When should you turn your ugly research script into a reproducible package?

Blog status: I haven’t been spending much time on the blog. I admit I don’t have much to say at the moment, we’ll see how it goes in the future. This current article is mostly a journal-like question for myself, to reflect a bit, but maybe it helps others as well.

Lately I’ve been re-assigned to a research project, and instead of writing ‘production’ software I spent my days preparing experiments and analyzing data with ‘throw-away’ scripts. Plenty of times these scripts are little code snippets that I quickly write to investigate something and then discard them again. But often I do need to re-use code, or want to share the code with others, and then the question becomes whether I should improve the quality. So when is it the right time to turn a script into something more reproducible and easier to maintain?

When you are writing ‘real’ software this question doesn’t pop up. Your code is important and will be deployed to some automated system, so you add all the required engineering quality, like unit tests and documentation and everything else. But in a research setting there’s a lot more gray area. On the one extreme there’s that script that you are certain will be used only once. And on the other extreme there’s code that you are certain will be re-used by your future self and colleagues and should thus be turned into a high quality package. In between there is a whole spectrum of other cases. Maybe you have a script that you used a couple of times now. Or maybe a co-worker asked how to reproduce your data analysis and asks for the code you used for that. You are not very comfortable with this code, you didn’t really test it well, you didn’t put much effort into it, you are not proud of it, you are not certain it’s correct and it’s still rapidly evolving. What to do with this code?
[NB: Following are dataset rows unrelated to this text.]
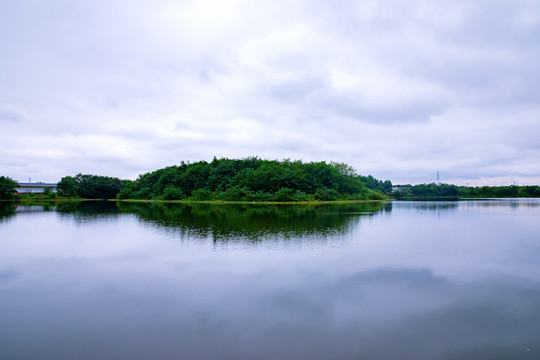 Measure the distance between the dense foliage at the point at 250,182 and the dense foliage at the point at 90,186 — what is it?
579cm

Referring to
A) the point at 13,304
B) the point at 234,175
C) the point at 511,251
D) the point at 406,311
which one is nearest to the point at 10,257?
the point at 13,304

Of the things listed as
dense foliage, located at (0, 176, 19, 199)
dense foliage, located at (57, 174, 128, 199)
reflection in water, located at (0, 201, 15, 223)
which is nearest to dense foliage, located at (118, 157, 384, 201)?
dense foliage, located at (57, 174, 128, 199)

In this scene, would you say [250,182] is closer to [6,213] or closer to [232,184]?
[232,184]

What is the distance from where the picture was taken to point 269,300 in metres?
6.91

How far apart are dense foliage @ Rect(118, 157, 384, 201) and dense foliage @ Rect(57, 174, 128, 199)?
5.79 metres

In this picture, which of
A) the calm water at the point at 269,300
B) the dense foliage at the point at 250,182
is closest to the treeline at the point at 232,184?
the dense foliage at the point at 250,182

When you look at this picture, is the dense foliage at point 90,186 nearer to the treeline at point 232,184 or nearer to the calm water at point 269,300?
the treeline at point 232,184

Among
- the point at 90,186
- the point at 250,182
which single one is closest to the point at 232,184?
the point at 250,182

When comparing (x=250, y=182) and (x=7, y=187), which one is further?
(x=7, y=187)

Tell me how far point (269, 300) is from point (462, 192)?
116 meters

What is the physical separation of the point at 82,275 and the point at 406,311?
343 inches

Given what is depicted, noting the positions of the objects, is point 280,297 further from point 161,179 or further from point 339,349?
point 161,179

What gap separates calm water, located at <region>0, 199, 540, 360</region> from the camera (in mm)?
4969

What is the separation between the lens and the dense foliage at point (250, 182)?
5334cm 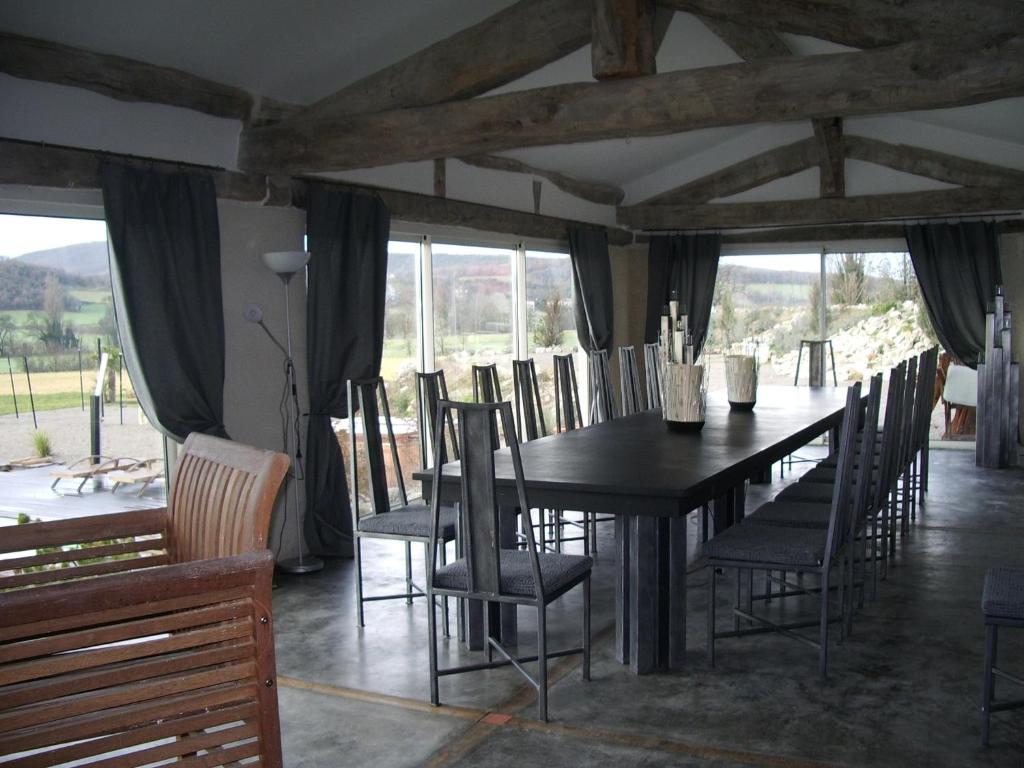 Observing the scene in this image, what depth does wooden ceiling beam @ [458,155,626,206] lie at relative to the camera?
7.34 metres

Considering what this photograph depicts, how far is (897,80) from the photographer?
13.1ft

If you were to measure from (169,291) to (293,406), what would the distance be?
1086 mm

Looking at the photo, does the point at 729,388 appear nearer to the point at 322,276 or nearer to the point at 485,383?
the point at 485,383

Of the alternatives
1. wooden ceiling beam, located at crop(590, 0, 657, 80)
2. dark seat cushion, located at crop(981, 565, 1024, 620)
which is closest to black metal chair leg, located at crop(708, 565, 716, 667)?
dark seat cushion, located at crop(981, 565, 1024, 620)

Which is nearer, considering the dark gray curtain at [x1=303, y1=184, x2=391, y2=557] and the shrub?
the shrub

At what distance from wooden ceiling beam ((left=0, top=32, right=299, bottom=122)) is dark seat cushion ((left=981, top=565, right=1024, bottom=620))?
156 inches

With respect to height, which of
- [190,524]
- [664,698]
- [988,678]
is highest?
[190,524]

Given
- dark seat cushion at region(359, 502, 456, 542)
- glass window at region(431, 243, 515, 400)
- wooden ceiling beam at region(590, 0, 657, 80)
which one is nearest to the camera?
dark seat cushion at region(359, 502, 456, 542)

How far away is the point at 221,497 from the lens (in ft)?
7.56

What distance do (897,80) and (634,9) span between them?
1.16 meters

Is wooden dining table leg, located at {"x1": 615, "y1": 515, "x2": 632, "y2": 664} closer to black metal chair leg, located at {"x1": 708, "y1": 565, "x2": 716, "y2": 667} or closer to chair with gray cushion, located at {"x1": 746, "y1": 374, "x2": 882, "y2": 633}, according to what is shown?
black metal chair leg, located at {"x1": 708, "y1": 565, "x2": 716, "y2": 667}

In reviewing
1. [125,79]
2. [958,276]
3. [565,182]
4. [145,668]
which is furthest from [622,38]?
[958,276]

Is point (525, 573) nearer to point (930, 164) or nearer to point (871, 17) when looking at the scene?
point (871, 17)

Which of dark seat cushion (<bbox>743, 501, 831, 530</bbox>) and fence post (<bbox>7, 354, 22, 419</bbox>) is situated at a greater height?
fence post (<bbox>7, 354, 22, 419</bbox>) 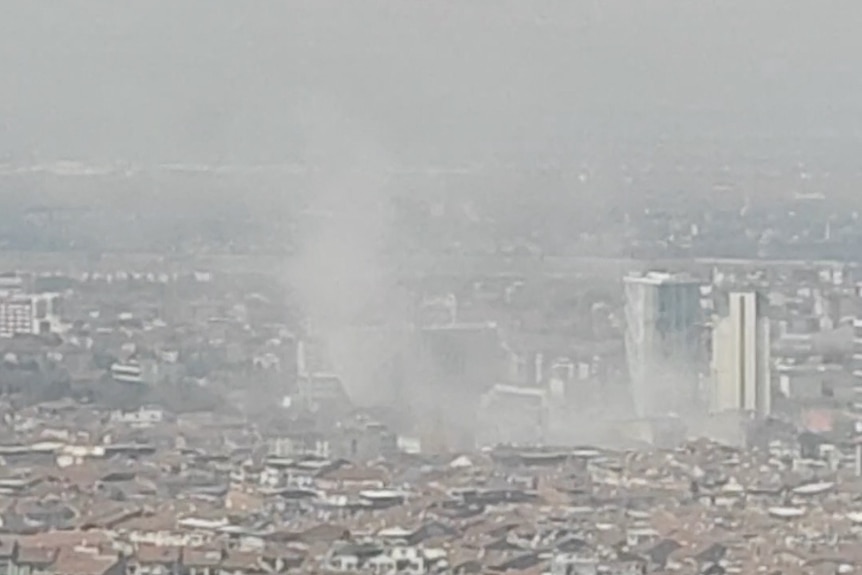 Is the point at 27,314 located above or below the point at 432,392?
above

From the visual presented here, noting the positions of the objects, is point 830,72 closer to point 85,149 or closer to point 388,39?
point 388,39

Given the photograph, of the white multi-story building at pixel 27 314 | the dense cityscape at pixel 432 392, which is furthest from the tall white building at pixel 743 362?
the white multi-story building at pixel 27 314

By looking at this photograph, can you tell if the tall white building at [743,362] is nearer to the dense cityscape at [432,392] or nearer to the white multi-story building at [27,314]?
the dense cityscape at [432,392]

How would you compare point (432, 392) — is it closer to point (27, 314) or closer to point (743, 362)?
point (743, 362)

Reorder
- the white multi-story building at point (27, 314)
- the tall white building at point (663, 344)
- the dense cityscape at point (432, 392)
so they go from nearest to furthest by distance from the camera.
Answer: the dense cityscape at point (432, 392)
the tall white building at point (663, 344)
the white multi-story building at point (27, 314)

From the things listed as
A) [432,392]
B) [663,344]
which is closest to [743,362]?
[663,344]

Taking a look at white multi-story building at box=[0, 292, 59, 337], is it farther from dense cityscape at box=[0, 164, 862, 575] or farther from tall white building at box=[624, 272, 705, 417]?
tall white building at box=[624, 272, 705, 417]

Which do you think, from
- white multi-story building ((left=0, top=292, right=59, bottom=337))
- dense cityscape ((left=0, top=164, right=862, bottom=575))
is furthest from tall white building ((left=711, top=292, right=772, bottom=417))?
white multi-story building ((left=0, top=292, right=59, bottom=337)) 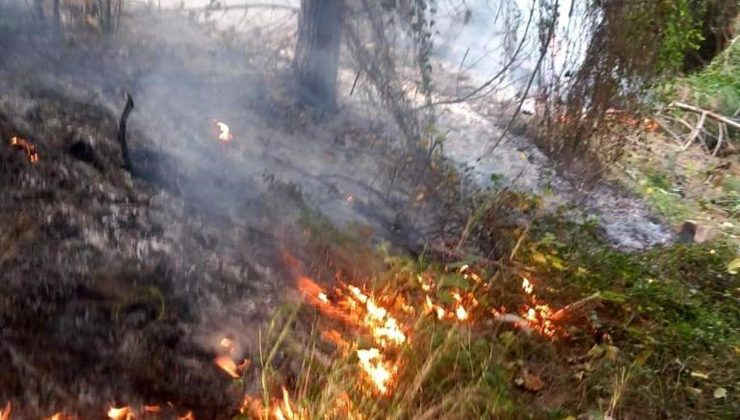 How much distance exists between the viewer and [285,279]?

Some people say you should immediately turn any code into a unit tested package. But I personally do not believe that is feasible. That first script is an experiment in finding out what code you even need to write. You don’t even know what results to expect yet. You have to just fiddling with code and data and plots until things start to make sense. There’s nothing wrong with that (unreproducible) exploration.

Other people never ever write packages, or unit tests, or documentation. They may refuse to share their code with others. Maybe out of fear they’ll be judged by others, or because it’s too much work to share the code, or any other reason. I disagree with this approach as well. If you are a scientist/researcher working with data and code, and you stumble upon a presentable insight, or find yourself repeating the same tasks, then part of the job is to make your code legible and reproducible.

(Nowadays I notice people are often insecure in sharing their code with me. They will do so with a lot comments like “I’m not a good coder”, “this is not very good code, please don’t expect too much”, “please don’t share this code with anyone else”. This happened less when I was a junior coder myself. I understand the sentiment. I should probably spend more time comforting people upfront that I’m not there to judge their code, I just want to understand how they did their analysis and figure out how to continue together. There’s some lesson in here for senior programmers reviewing scripts of researchers.)

Currently I have some code that’s in the gray area. I have a few scripts that I keep re-using. I already made the scripts fully reproducible (they are in a git repo and have a well defined environment). Every time I run the scripts on new data I have to update the functions to work on that new case, so they are becoming more and more generic and abstract. This is actually quite nice, those functions are becoming very useful to me! But at the same time, I’m also beginning to forget what each function is actually doing. And when I change one of these functions, I might actually break a previous analysis I performed (and I’m lazy, I don’t want to re-run all previous analysis to find out). Some code that I expected to be re-used by others I already placed inside a package. But the code that’s still left in the scripts is just so specific for my analysis. No one else wants to use that code yet. I really feel this barrier, this question of whether I want to put in the effort to write a package, with the risk that no one will use it while I will have to keep updating failing unit tests just to do my research.

I just want to say that I understand the desire to not write high quality code for your research. This is the source of the two culture problem between scientists and engineers.

At some point I will pass the threshold. I will keep re-doing the same analysis for months and just want quick reproducible functions. Or others will want to run my code and I don’t want to explain the functions to them all the time. Then the answer is clear, the time has come, I will turn my scripts into a package. (Even at this point some people will still refuse to turn their code into an easily installable, reproducible, well-documented package. Please don’t be like those people.)

In the mean time, it’s good to recognize this gray area between ‘ugly script’ and ‘high quality code’. It’s good to ask yourself often whether it’s time to turn that script into a package. If you find yourself asking this question then that’s not a sign of insecurity, it’s a sign you are growing as a professional scientific coder.